Token-Verfahren zur Zwei-Faktor-Authentifizierung lassen sich dementsprechend aushebeln. Beispielsweise erfasst die Malware Zeus die Anmeldeinformationen eines Benutzers – selbst fortschrittliche, zeitlich begrenzte Token-Codes – und sendet die Informationen an den Hacker.

Um weiter Öl ins Feuer zu gießen, sind in den letzten Jahren neuere und komplexere Methoden entstanden, um Benutzerinteraktionen mit Online-Services abzufangen. Dazu gehören unter anderem die Methoden Man-in-the-Browser, Man-in-the-Middle und Session Hijacking.

Selbst die sichersten traditionellen Geräte mit Token zur Zwei-Faktor-Authentifizierung können die Identität eines Nutzers nicht mehr gegen diese neuen und heimtückischeren Bedrohungen schützen. Dennoch sind sich viele Unternehmen nicht darüber im Klaren, dass die traditionellen Token kompromittiert werden können und dass sie damit ein signifikantes Sicherheitsrisiko darstellen.

Das richtige Maß an Zugriffsschutz

Die sich heute stets entwickelnde Bedrohungsumgebung führt zu einem ständigen Kampf, in dem die Unternehmen stets das richtige Maß an Investitionen in Schutz für das Unternehmen evaluieren müssen. Oft ist der bestmögliche Schutz für viele Unternehmen nicht machbar, sodass Kompromisse eingegangen werden müssen.

Um sich vor Identitätsdiebstahl innerhalb der Budgetvorgaben zu schützen, haben Unternehmen verschiedene Methoden erprobt. Hierzu zählen etwa Zertifikate und biometrische Scans, Ausweise und Hardware- sowie Software-Token, wobei Letztere die dominierende Technologie darstellen.

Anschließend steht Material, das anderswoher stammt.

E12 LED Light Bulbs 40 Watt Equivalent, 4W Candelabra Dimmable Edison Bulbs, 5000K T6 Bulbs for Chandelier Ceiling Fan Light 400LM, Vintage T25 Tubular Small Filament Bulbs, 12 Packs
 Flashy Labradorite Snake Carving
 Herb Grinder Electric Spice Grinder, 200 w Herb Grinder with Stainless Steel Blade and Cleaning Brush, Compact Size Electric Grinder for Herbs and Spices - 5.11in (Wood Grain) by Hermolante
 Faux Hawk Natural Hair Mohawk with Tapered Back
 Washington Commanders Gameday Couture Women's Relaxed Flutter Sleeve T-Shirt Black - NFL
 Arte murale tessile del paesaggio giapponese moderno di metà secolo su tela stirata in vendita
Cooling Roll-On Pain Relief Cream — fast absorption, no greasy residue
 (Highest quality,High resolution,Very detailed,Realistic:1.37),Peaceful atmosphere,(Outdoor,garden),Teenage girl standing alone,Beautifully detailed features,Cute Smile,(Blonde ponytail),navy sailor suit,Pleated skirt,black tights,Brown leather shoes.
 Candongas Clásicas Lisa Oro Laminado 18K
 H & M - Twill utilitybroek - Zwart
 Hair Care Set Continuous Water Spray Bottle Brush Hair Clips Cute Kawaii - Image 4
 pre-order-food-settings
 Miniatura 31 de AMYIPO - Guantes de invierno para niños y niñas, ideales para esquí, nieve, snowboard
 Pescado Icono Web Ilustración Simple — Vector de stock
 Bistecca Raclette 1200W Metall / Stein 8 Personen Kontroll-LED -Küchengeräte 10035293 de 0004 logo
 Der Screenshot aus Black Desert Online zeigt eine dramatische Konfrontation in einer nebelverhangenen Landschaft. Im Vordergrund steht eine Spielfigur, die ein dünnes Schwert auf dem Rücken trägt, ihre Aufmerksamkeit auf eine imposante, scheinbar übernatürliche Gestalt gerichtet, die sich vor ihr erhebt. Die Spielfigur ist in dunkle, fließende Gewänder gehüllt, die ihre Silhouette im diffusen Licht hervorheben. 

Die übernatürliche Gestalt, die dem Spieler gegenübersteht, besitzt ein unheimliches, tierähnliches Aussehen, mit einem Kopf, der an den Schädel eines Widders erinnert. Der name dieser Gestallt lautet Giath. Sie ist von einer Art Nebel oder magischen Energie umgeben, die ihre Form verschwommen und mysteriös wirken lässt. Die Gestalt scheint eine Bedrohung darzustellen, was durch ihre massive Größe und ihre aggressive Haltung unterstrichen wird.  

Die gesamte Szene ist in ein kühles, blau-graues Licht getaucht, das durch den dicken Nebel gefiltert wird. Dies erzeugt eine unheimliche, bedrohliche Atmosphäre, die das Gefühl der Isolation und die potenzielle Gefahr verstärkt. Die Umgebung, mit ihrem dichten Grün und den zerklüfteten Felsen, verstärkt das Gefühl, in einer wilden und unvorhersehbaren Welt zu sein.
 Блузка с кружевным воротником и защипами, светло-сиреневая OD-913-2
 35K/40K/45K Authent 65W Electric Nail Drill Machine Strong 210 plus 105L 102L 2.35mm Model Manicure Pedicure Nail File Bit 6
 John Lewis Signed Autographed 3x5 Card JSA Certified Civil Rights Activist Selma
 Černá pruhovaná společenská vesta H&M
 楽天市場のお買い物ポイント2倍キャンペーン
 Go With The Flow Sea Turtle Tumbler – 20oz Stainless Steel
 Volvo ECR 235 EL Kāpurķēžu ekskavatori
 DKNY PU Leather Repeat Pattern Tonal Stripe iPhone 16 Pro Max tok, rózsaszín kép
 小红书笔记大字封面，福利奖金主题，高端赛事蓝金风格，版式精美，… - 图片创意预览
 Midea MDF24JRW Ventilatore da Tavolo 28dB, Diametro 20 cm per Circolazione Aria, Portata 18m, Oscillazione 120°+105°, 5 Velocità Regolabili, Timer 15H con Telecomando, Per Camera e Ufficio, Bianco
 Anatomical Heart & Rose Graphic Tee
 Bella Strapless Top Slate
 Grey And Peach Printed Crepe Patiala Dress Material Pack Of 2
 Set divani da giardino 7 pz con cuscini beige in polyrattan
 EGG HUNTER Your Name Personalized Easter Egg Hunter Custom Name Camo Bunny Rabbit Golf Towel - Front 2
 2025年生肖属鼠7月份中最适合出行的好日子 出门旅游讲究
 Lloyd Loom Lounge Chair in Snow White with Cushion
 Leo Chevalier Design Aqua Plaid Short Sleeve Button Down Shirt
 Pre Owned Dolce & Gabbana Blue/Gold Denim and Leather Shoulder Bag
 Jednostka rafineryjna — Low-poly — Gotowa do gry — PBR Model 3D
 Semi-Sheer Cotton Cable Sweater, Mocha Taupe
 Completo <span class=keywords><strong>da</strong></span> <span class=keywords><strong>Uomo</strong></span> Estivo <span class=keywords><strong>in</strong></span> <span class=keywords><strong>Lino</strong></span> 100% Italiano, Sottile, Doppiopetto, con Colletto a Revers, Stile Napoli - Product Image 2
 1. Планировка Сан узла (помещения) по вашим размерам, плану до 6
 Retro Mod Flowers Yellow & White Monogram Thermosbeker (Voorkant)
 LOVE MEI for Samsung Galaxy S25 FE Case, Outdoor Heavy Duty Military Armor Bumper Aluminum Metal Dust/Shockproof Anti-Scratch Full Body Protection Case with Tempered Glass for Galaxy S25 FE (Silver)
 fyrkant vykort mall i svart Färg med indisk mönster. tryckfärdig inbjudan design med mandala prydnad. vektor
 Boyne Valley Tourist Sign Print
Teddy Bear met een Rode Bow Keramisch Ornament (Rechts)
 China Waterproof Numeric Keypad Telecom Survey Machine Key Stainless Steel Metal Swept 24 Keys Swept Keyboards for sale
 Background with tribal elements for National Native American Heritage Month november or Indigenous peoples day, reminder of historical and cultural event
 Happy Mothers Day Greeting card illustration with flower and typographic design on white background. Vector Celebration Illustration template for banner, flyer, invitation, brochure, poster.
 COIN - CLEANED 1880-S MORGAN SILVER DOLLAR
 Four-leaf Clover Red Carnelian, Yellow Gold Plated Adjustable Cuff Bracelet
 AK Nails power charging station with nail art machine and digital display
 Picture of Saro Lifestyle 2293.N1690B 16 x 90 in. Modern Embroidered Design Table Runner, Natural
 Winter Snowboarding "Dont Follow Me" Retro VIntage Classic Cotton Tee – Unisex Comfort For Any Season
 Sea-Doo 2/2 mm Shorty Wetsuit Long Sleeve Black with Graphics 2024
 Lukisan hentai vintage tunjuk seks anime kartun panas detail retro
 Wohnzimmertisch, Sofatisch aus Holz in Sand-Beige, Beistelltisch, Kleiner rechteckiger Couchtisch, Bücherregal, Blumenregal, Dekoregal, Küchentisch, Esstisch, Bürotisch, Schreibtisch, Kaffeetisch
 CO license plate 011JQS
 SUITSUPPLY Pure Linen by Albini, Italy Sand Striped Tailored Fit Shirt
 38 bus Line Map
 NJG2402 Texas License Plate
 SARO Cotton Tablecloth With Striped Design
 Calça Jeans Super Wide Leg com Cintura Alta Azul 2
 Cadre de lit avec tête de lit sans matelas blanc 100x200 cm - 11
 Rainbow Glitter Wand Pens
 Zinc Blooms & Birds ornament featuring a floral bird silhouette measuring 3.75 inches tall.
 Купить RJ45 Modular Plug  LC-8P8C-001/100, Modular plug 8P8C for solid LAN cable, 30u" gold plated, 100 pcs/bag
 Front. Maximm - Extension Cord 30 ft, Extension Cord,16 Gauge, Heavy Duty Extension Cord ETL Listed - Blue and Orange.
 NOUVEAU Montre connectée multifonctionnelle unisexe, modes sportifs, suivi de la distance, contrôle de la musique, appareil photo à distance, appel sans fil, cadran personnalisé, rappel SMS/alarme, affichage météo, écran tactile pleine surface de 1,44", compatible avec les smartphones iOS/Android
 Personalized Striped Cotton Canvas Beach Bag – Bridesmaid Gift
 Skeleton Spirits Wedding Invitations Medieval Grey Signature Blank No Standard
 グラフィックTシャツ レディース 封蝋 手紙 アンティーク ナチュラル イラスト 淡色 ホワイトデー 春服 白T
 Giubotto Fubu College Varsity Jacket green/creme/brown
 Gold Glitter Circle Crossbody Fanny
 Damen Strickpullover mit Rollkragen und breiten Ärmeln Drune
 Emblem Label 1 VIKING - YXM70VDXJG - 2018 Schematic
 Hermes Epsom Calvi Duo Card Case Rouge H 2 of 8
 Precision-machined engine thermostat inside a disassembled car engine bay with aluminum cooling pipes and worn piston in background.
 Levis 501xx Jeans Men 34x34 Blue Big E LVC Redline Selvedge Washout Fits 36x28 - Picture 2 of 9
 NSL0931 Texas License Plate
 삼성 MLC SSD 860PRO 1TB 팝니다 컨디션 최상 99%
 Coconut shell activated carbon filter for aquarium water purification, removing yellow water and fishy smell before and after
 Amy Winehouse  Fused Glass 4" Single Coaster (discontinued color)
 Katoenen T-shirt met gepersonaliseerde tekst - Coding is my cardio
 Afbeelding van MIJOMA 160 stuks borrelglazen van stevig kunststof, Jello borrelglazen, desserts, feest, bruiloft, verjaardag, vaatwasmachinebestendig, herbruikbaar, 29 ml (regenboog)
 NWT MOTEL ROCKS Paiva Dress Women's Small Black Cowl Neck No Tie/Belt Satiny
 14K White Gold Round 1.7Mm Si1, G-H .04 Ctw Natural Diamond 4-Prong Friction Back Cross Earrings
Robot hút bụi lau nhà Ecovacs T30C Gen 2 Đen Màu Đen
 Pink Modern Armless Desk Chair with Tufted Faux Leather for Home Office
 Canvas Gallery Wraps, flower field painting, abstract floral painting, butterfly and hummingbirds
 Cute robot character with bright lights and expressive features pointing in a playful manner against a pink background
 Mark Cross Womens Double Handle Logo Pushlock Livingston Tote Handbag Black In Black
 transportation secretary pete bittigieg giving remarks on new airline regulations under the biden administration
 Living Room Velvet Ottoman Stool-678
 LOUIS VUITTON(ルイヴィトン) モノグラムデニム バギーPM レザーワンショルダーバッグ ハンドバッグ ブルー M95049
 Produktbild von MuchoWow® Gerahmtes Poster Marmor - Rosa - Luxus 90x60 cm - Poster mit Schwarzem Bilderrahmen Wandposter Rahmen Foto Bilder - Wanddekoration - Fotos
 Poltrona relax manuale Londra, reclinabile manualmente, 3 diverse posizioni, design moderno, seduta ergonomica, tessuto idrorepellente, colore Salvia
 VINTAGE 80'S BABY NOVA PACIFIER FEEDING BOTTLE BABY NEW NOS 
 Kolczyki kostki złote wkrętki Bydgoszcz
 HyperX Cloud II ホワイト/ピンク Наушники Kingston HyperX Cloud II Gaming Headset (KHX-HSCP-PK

Zertifikate werden häufig als die ideale Möglichkeit zum Verbinden von Geräten mit einer als sicher zu erkennenden Verbindung gesehen. Das zentrale Problem sind die Bereitstellung und die Verwaltung dieser Zertifikate und die Risiken, wenn diese ohne das Wissen des Benutzers kopiert werden. Außerdem kann die Zertifizierungsstelle ebenfalls kompromittiert werden.

Biometrische Scans hatten ebenfalls großen Erfolg und viele sehen sie als eine sehr sichere Alternative an. Allerdings hat sich die Annahme, dass Sie stets einen funktionierenden Finger-, oder Irisscanner zur Hand haben, als nicht praktikabel erwiesen, und der Scan selbst führt zur Erstellung einer digitalen Datei, die wiederum kompromittiert werden kann.

Eine weitere Alternative ist der Ausweis per SmartCard, die in einer Zeit von „Bring your own device“ („BYOD“) ebenfalls nicht praktikabel ist, denn die Anwender fordern den Zugriff auf eine ständig wechselnde Vielzahl von Geräten. Ein neuer Ansatz ist also erforderlich.